This if for my event planner friends, my fundraising readers, and anyone who feels stuck when it comes to breathing life into an event.

Status quo is not your friend when it comes to planning events (and is really never your friend). Status quo is a great way for an event to die a slow, painful death.

Here are a ten ways to kill status quo and improve your events year after year, time after time.

  1. Start from a blank slate. Or at least go through the exercise of it. Ask yourself, “What would this look like if we started from scratch?” Now act on some of the differences you identify.
  2. Ask for input from an outsider. You have friends, family, employees who don’t work on that particular project. Heck, even ask strangers.
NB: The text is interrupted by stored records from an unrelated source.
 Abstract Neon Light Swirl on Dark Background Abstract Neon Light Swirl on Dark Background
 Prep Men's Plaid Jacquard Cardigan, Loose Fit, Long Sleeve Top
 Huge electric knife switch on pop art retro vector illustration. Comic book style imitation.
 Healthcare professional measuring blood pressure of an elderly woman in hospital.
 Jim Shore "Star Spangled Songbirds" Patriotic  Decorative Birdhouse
Be specific. “How can we make registration better?” “What is a creative way to give away door prizes?” “Where/how can we market this event that we aren’t already doing?”
  3. Over deliver. You made a promise of expectation to your sponsors and your event attendees. Deliver it. And then deliver even more value.
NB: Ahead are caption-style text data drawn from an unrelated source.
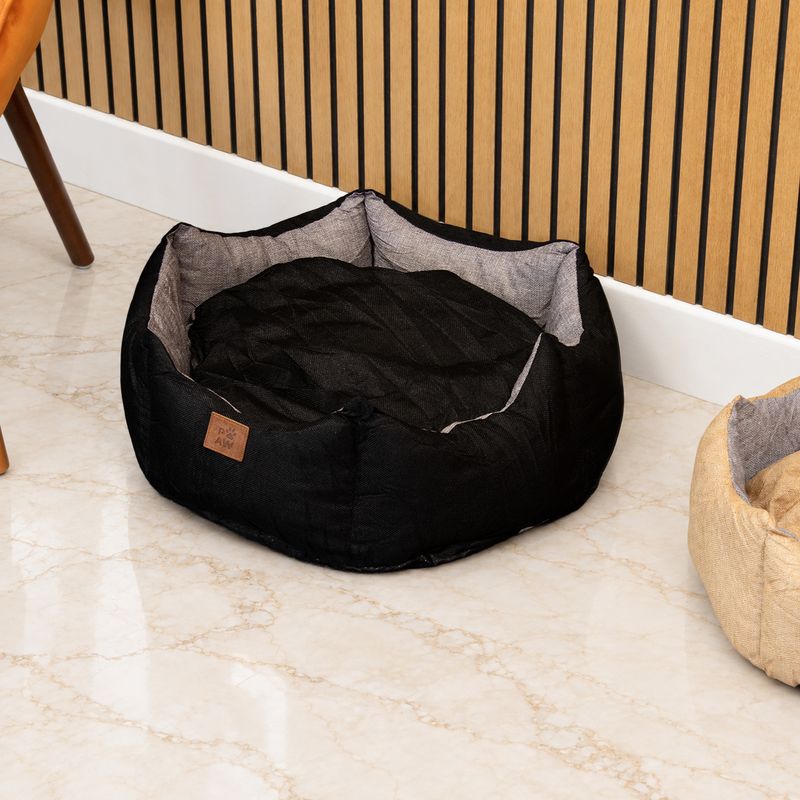 Cama de pata - Grande Corona Real - Negro y Gris - 50x50x26cm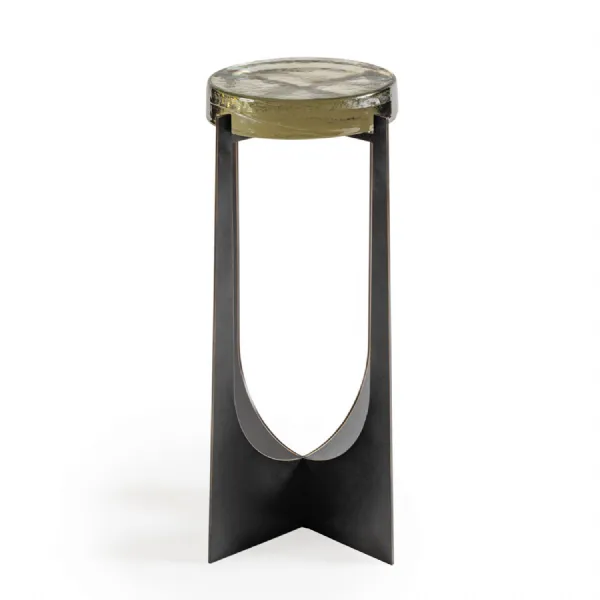 Glenthorpe Brick Glass Accent Table Black, Bronze
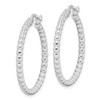 Lex & Lu Sterling Silver w/Rhodium Beaded Hinged Hoop Earrings LAL109524 - 2 - Lex & Lu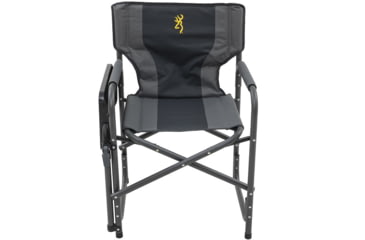 Image of Browning Camping Rimfire Folding Chair w/Multi-Position Side Table, Charcoal/Gray, 8532558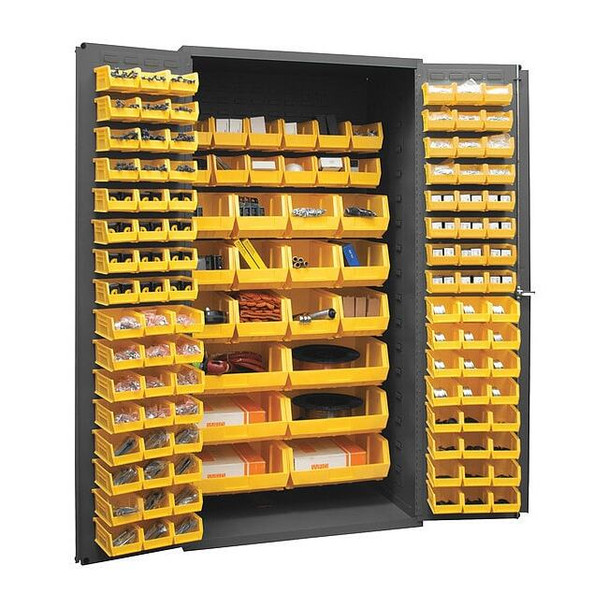 Heavy Duty Bin Cabinet, 36 in W, 72 in H, 24" D, 126 Bins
  4. Add fun. Everyone likes fun. Don’t be afraid of fun. Your emcee/host better be personable and fun!
  5. Ask your trusty friends Google and Pinterest.
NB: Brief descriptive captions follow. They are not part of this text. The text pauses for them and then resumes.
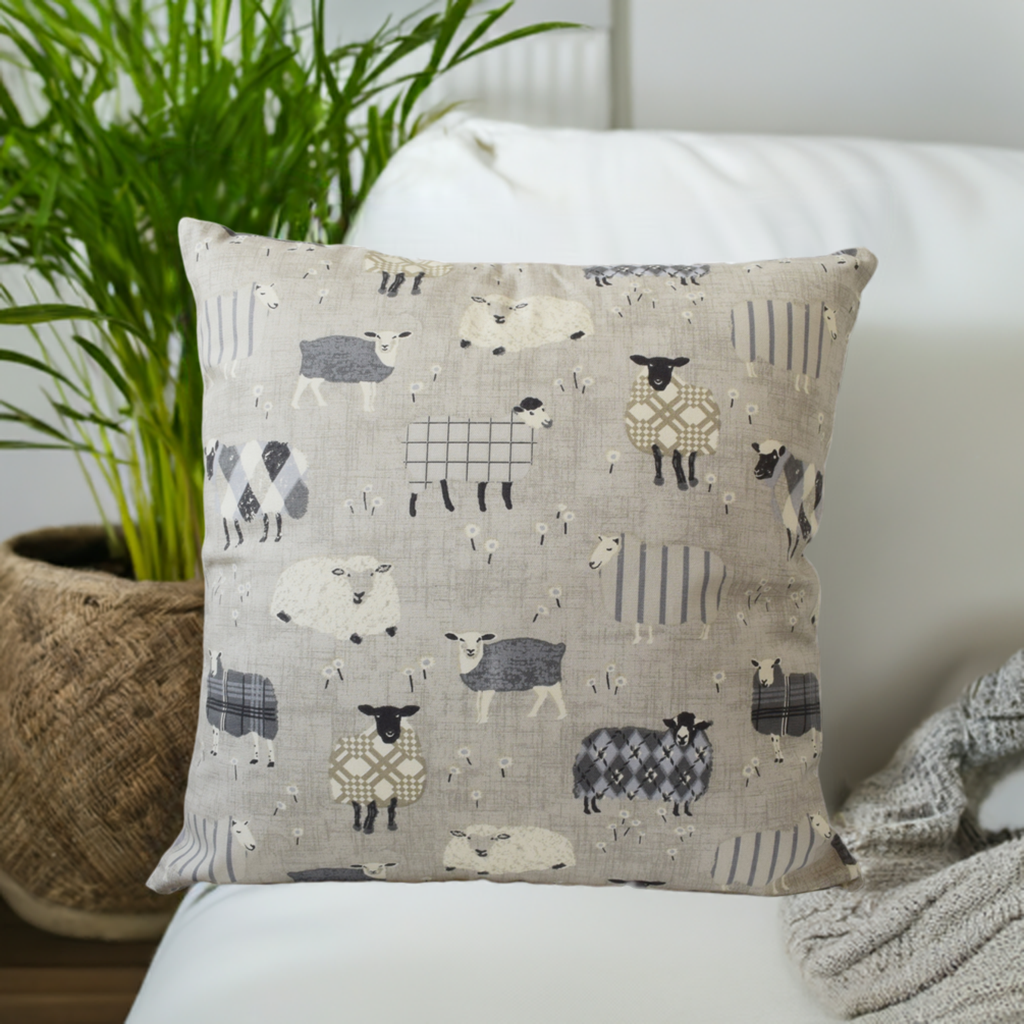 just cushions baa baa cute sheep cushion charcoal grey sustainable cotton handmade cushion made in the uk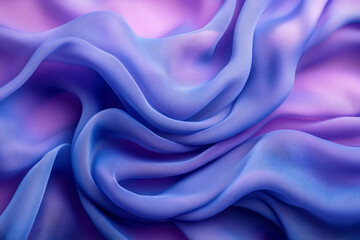 Poster - Flowing fabric in rich blue and violet tones, gently twisting and turning to form a mesmerizing abstract pattern,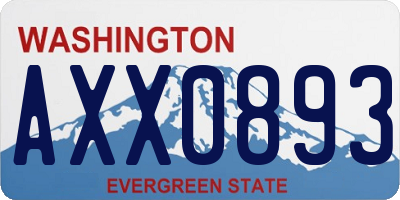 WA license plate AXX0893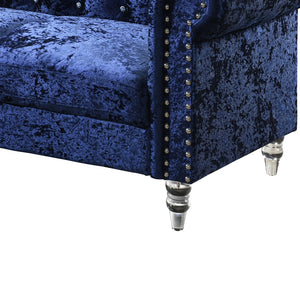 English Elm Anina Blue Velvet Sofa with Plush Foam & Fiber Fill, 100% Polyester Upholstery, Modern Accent Chair B201P299739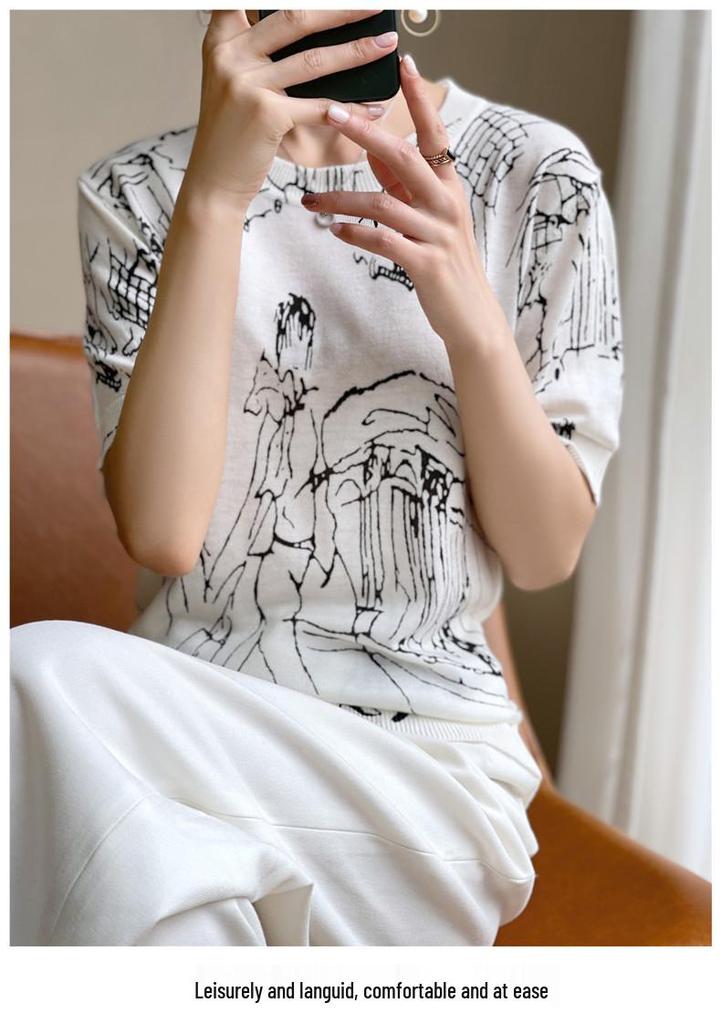 Women's Autumn/Winter Graffiti Wool Sweater: Round Neck, Short Sleeve, Casual Knit Pullover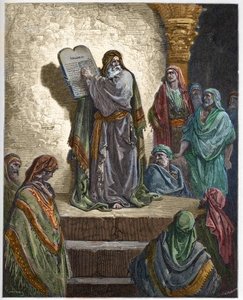 Ezra kirjanoppinut lukee lain ihmisille - - kaiverrus Gustave Doren (1832-1883) "The Bible illustree" -kirjaan - Kaiverrus "" Dore Biblesta"" tekijältä Gustave Dore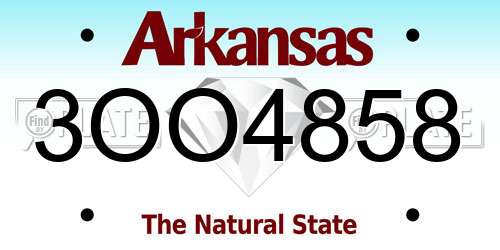 3OO4858 Arkansas License Plate
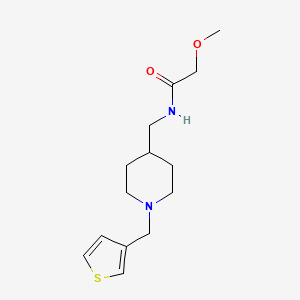 molecular formula C14H22N2O2S B2573309 2-methoxy-N-((1-(thiophen-3-ylmethyl)piperidin-4-yl)methyl)acetamide CAS No. 1234907-56-2
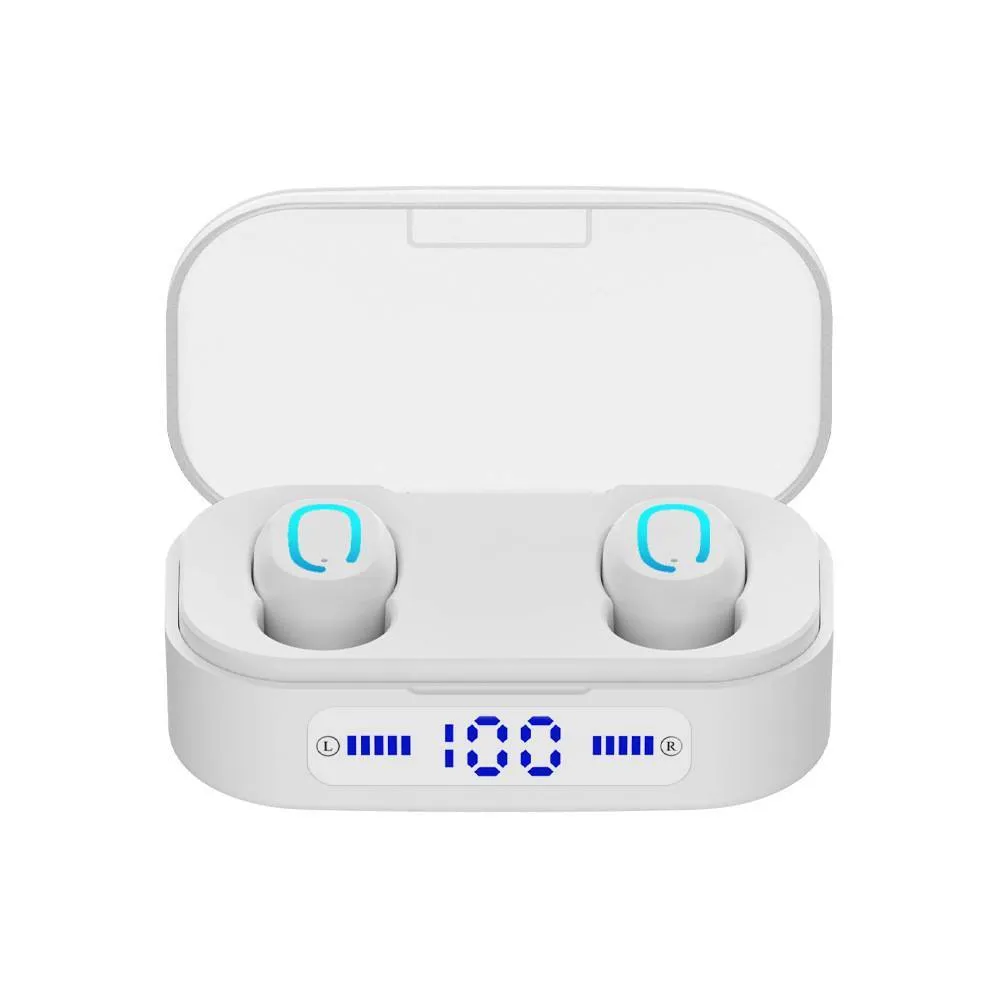 Bluetooth mini headset wireless earbuds in digital black with charging case
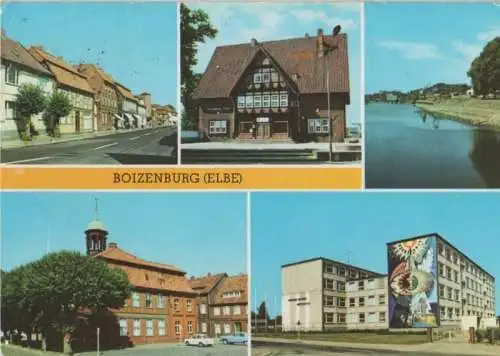 Boizenburg - u.a. Hafen mit VEB Elbe-Werften - 1978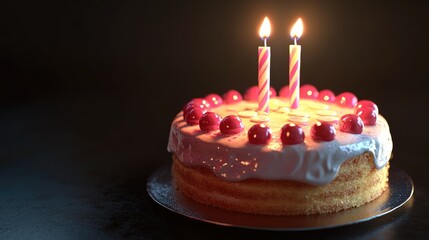 Poster - birthday cake with candles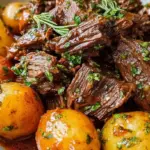 Tender cubes of beef and golden baby potatoes in a slow cooker with garlic butter sauce and fresh parsley.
  6. Add a conscious company component. People like doing good for others. Incorporate something that helps address a social/community problem into your event.
  7. Change the menu. Change the dessert. Change the colors. Theme. Logistics. Venue. Set-up. Order of the evening. Change SOMETHING and make it better, every time.
  8. Give away prizes some other way than reading numbers and more numbers and more numbers. That’s so snooze.
  9. Encourage social media postings. Encourage a hashtag. Use live video on social media.
  10. Incorporate technology. Used to deliver everything in person at a podium? Arrange some fun videos to use instead. Encouraging twitter posts with a specific hashtag? Project a live feed of the posts all night long.

Status quo is BORING and almost always leads to the slow death of events. Practice constant improvement (that means change) to avoid the death grip of the staleness that is status quo.